Where to Meet Your Perfect Penn State Mate
I have a confession to make: I drunkenly make out at bars. Yep, I’m one of those people. Am I proud of this little character flaw of mine? No, not particularly. I don’t do it consciously; I don’t wake up in the morning and think to myself, “What’s the most efficient way to make a fool out of myself while downgrading a polite young lady’s night out from classy to tawdry (or in extreme cases tawdry to skanky). I think the DBM (Drunken Bar Make out) is an inherent trait.
I probably have a Great Great Great Granddad who used to drink too much moonshine and drunkenly made out with a slew of farmers’ daughters while rocking out to a mediocre “Jug Cover Band” during random stops on the Oregon Trail. Heck, that’s probably how I was conceived! That would actually explain a lot, but I digress.
I don’t traditionally look the part of a DBM. I don’t sport a hemp necklace, pop my collar, and wear a slightly crooked Detroit Tigers hat, but that’s the beauty of the DBM’er, they come in every shape and size. Fictitious statistics show that one out of every three people on earth has taken part in a DBM on more than three separate occasions. Now if you are reading this I’m sure that you have some ties to the blue and white so at some point in your life I’m sure you’ve been on one or both sides of this spectrum.
You’ve seen the effects of one and half Monkey Boys on your friend Rachel as she drunkenly sings along to “Summer of 69” while taking sporadic breaks to jam her tongue down Ryan from the Diplomat’s throat.
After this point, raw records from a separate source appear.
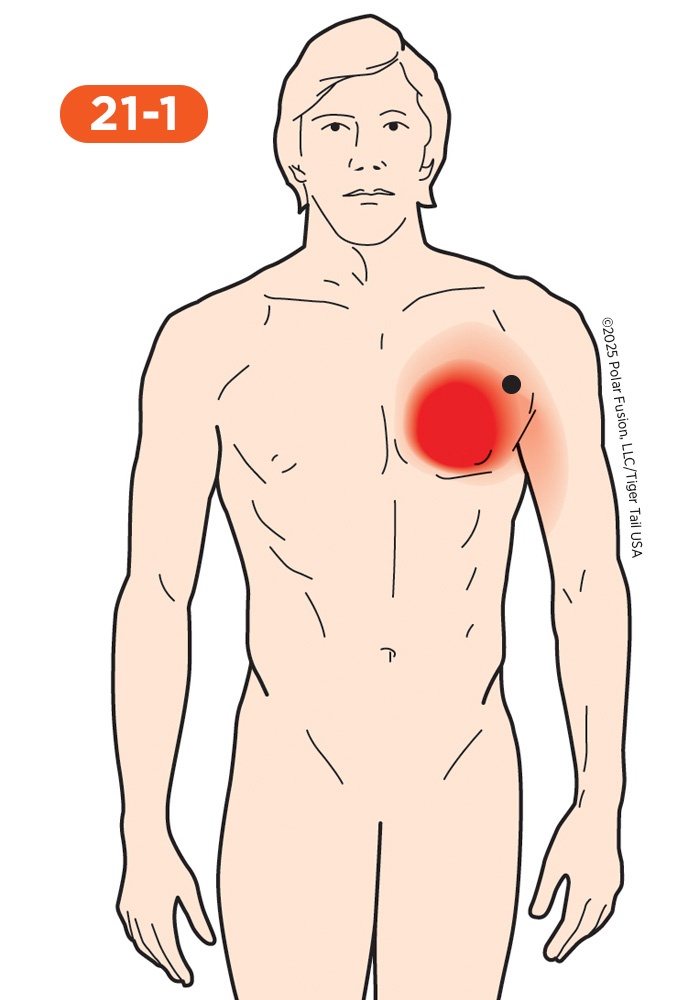 Chest Pain 21-1 Pectoralis Major Lateral Margin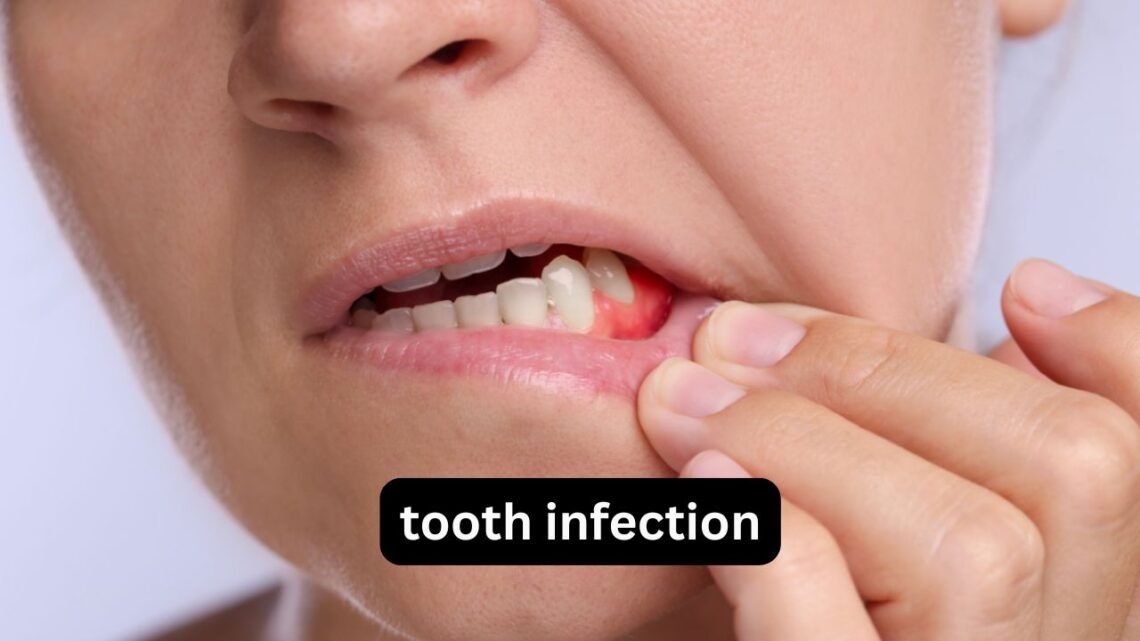 Tooth Infection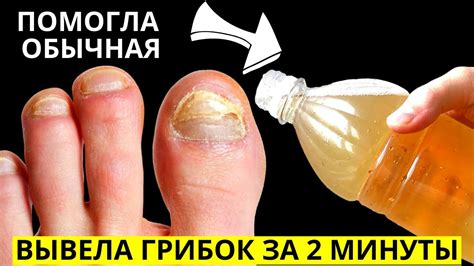 Предупреждение грибка ногтей: основные правила
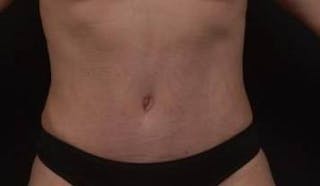 Abdominoplasty Before & After Gallery - Patient 239922 - Image 2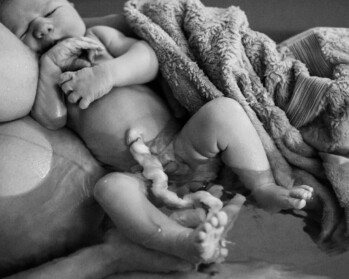 newborn baby minutes after birth with the umbilical cord attached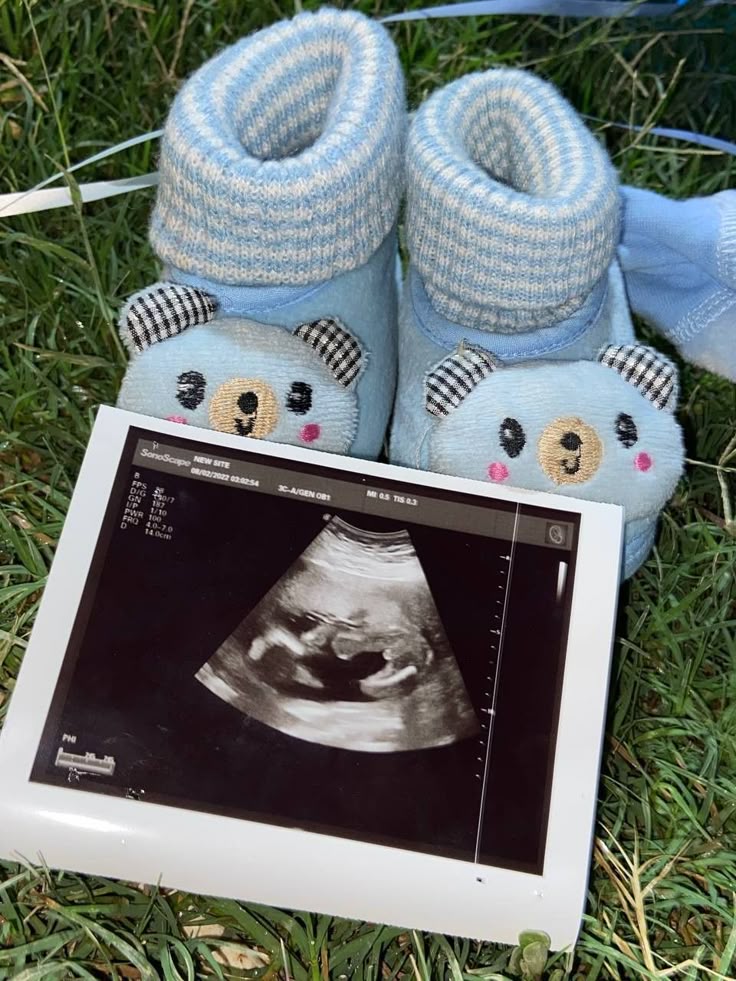 تفسير حلم الحمل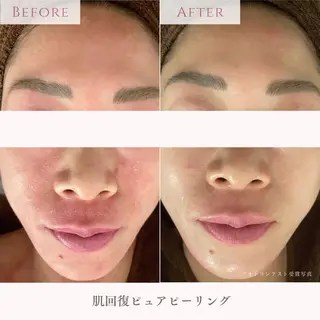 肌質改善サロン LesFleursのエステ・リラクイメージ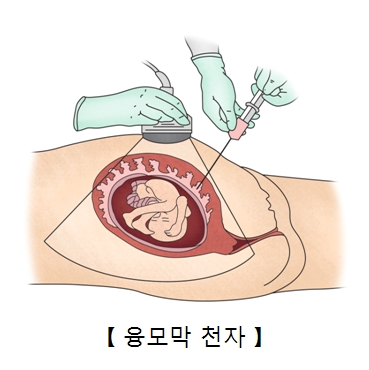 융모막 천자-융모막검사를 하고있음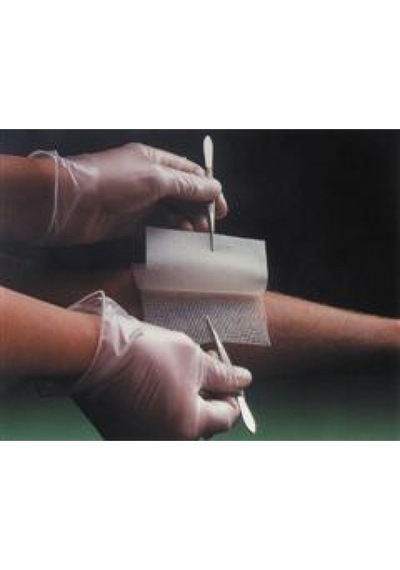 Smith&Nephew Bactigrass Antiseptik Tül Gras Sargı 10 CM x 10 CM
While I’m also sure that you yourself had a couple of those famous Café 210 Ice Tea’s and thought, “Hey I haven’t played mouth herpes roulette in awhile, I’m going to go try and kiss curly haired tank top!” There is an old saying, “Sometimes you’re the windshield and sometimes you’re the bug.”
That has absolutely nothing to do with this article but just in case you are looking for Mr. or Mrs. Right as opposed to Mr. or Mrs. Right Now, here are the top ten places to meet your future significant other at Penn State. Oh and remember that girl, “Curly haired Tank Top” I told you about? That young lady became my wife. So, hey you never know. Just kidding, her mouth tasted like beets so we never spoke again. I’m probably going to die alone surrounded by a plethora of ornery cats. It’s okay I’ve come to accept this inevitable fate but for the rest of you…
10. A PSU Football Game
Tailgating, football, chicks with a little tiny paw painted on their faces, how can you go wrong? The student section is packed with hung over women who simply lack the coherent strength to fend off your endless advances after a long night of Friday shenanigans. Advantage: Men. They’ll probably turn you down the first ten times you ask them to stop over at your apartment for a little Saturday night beer pong action, but on that seventeenth or eighteenth desperate plea, they’ll cave. Oh yes, they’ll cave. And when they do don’t forget to implement the “If you miss you must kiss” rule after the 5th game. Ahh the 5th game of beer pong, drunk enough to make out yet not drunk enough to puke. Perfection
09. Babies Diner
Some people say that the “One milkshake two straws” 1960’s joint is the perfect place for a Penn State first date, others say “Stop being cheap and take the girl to a real restaurant.” Well to try and find the answer to this debatable quandary I called all five girls that I took to Babies on various first dates; oddly enough none of them called me back. I guess the true answer remains a mystery.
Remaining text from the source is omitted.